Made now, 20 000 Leagues Under the Sea would play Nemo as even more of a hero -- he's attacking the slave trade, after all, having been enslaved himself in some South Seas mining colony. Of course, Nemo was a native of India in the original novel. James Mason, not so much. The often languid pace can get a bit wearing at times, as does Kirk Douglas, but 20 000 Leagues Under the Sea still works for the most part. Recommended.
How To Train Your Dragon 2 (2014): based on the books by Cressida Cowell; written and directed by Dean DeBlois; starring the voices of Jay Baruchel (Hiccup), Cate Blanchett (Valka), Gerard Butler (Stoick), Craig Ferguson (Gobber), America Ferrara (Astrid), Jonah Hill (Notlout), and Djimon Honsou (Drago) : How To Train Your Dragon was a lot of fun. So too this sequel, though its frenetic pace and much longer action sequences make it a far less charming movie than the original. Still worth watching, though, for the animation, voice acting, and story. The designs of the seemingly endless number of different dragon species remain a highlight. Recommended.
Run Fatboy Run (2007): written by Michael Ian Black and Simon Pegg; directed by David Schwimmer; starring Simon Pegg (Dennis), Thandie Newton (Libby), Hank Azaria (Whit), Dylan Moran (Gordon), and Harish Patel (Mr. Goshdashtidar) : Fun, amiable comedy takes full advantage of the good will Simon Pegg generates when playing hapless heroes. Hank Azaria seems like an odd choice as the handsome boyfriend, but he does a good job. Thandie Newton is lovely but stuck with being a straight woman to pretty much everyone else in the movie. Recommended.
Poltergeist (2015): adapted by David Lindsay-Apaire from the 1982 movie written by Steven Spielberg, Michael Grais, and Mark Victor; directed by Gil Kenan; starring Sam Rockwell (Eric Bowen), Rosemarie DeWitt (Amy Bowen), Saxon Sharbino (Kendra Bowen), Kyle Catlett (Griffin Bowen), Kennedi Clements (Madison Bowen), Jared Harris (Carrigan Burke), and Jane Adams (Dr. Brooke Powell): It's probably a much better-acted film than the original, this Poltergeist remake. Sam Rockwell certainly does everything he can with his role, which actually seems to be modeled on the father in The Amityville Horror rather than Poltergeist (1982): financial woes occupy him.

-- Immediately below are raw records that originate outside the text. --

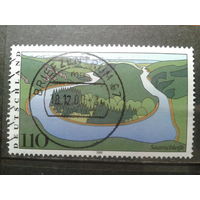 Германия 2000 пейзаж в Сааре Михель-1,1 евро гаш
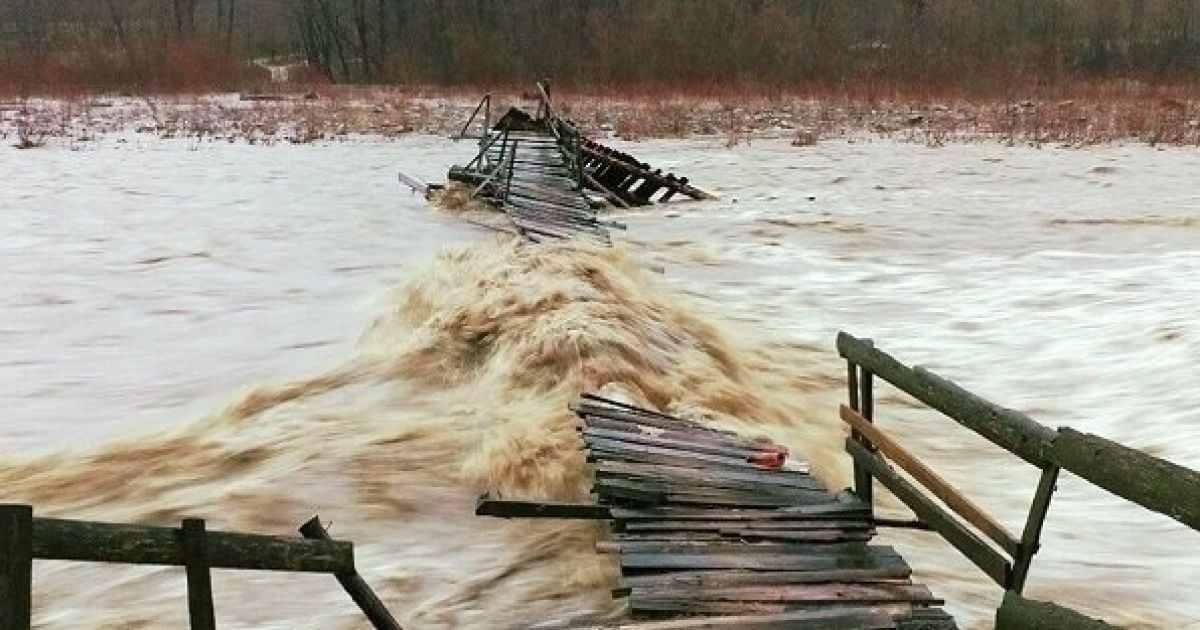Закарпаття інтенесивно підтоплює. Річка Тиса вийшла з берегів / © Закарпатський кореспондент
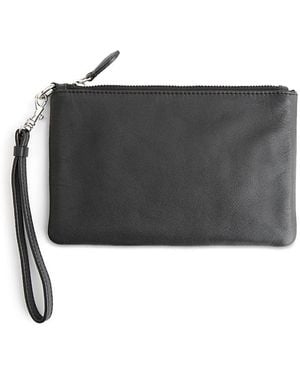 ROYCE New York Leather Wristlet - Black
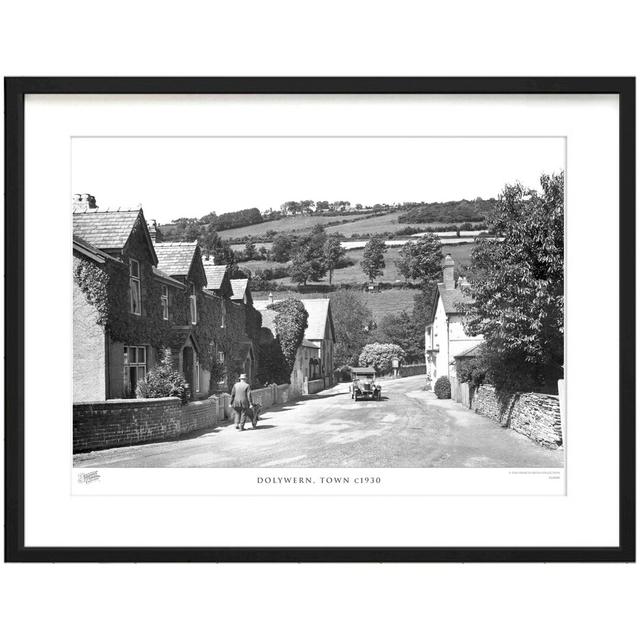 Dolywern, Town C1930 by Francis Frith - Single Picture Frame Print The Francis Frith Collection Size: 60cm H x 80cm W x 2.3cm D on Productcaster.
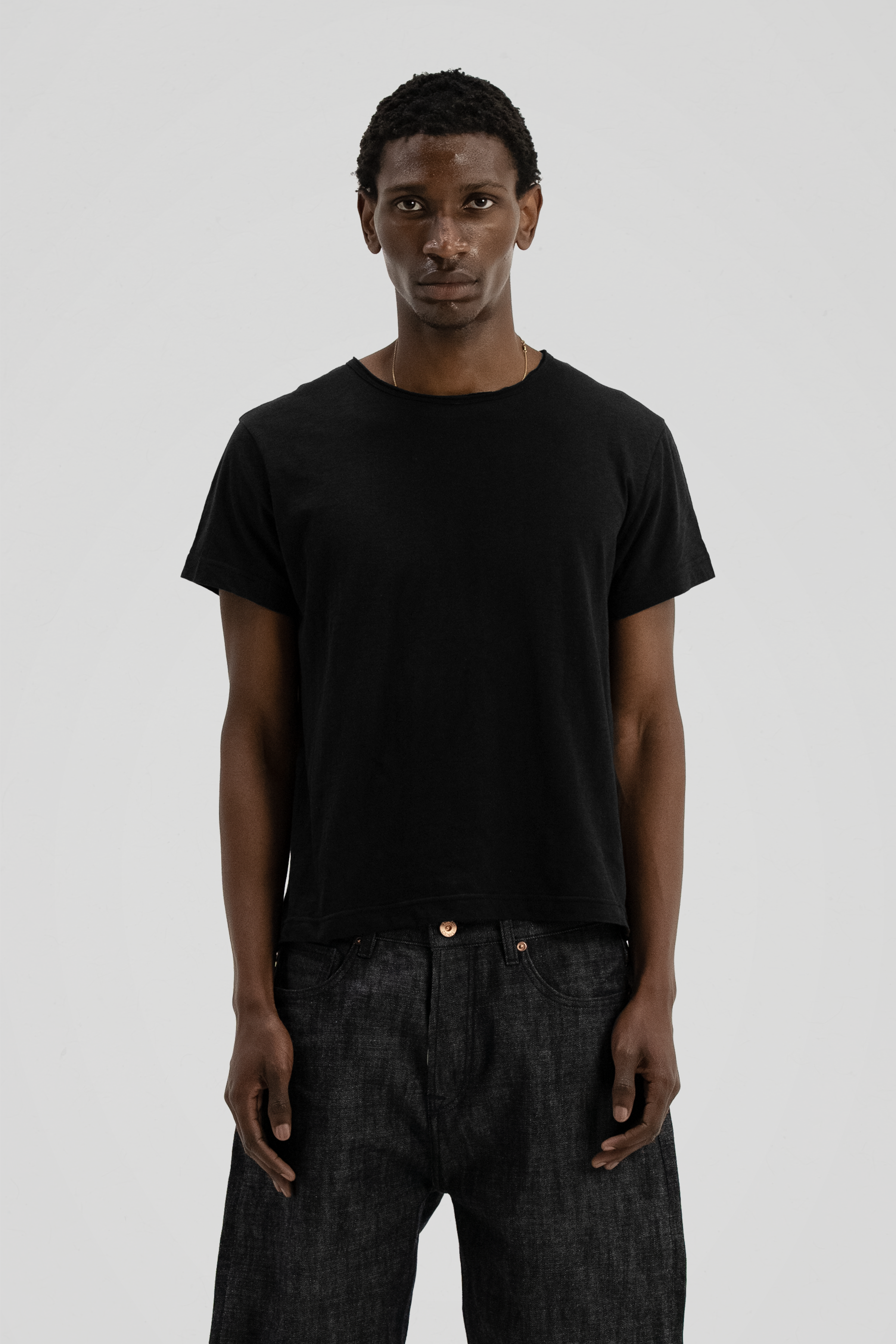 'Terrain' Black Slub Tee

The kids are much more front and centre here. The scares are pretty light. Perhaps most notably, the Tree and Clown scenes have been completely bungled. It also doesn't help that the gateway to the Underworld looks and acts like a Stargate, or that occult investigator Jared Harris is dressed like a leprechaun. It's a diversion, but just barely. Lightly recommended.